Sołtys Kolembród Mirosław Szymanek mówi, że śmierć młodego człowieka to ogromna tragedia. - Jesteśmy poruszeni tym, co się stało. Tym bardziej, że los nie oszczędzał tej rodziny. W domu wychowywało się 7 rodzeństwa, bez matki. Ojciec zmarł wcześnie. Razem z nimi mieszka babcia. Chłopak, który zginął był pracowity i rzetelny, otwarty na ludzi - podkreśla.
Wszyscy we wsi wciąż żyją tym, co się wydarzyło. - Na medal zasługuje myśliwy z Białej Podlaskiej, który kiedy prąd poraził chłopaka, był na posesji obok.
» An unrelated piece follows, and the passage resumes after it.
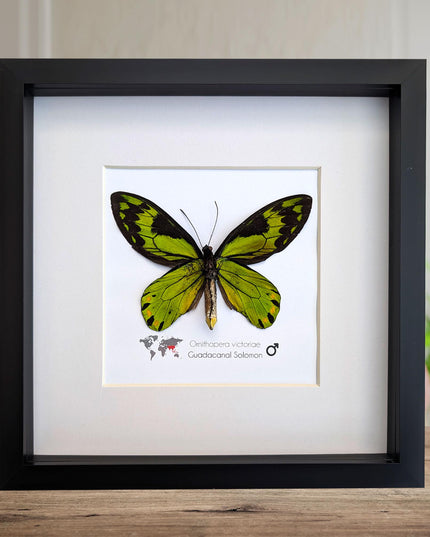 Taxidermy Queen Victoria Birdwing Butterfly, Rare Salomon Island Specimen, 10"x10"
To on przez 10 minut go reanimował. Niestety nie udało się - dodaje z żalem sołtys. Rodzina tragicznie zmarłego nie chce się wypowiadać. – Jest za wcześnie na komentarze, nie jesteśmy w stanie jeszcze o tym mówić – stwierdza załamana babcia chłopca. (...)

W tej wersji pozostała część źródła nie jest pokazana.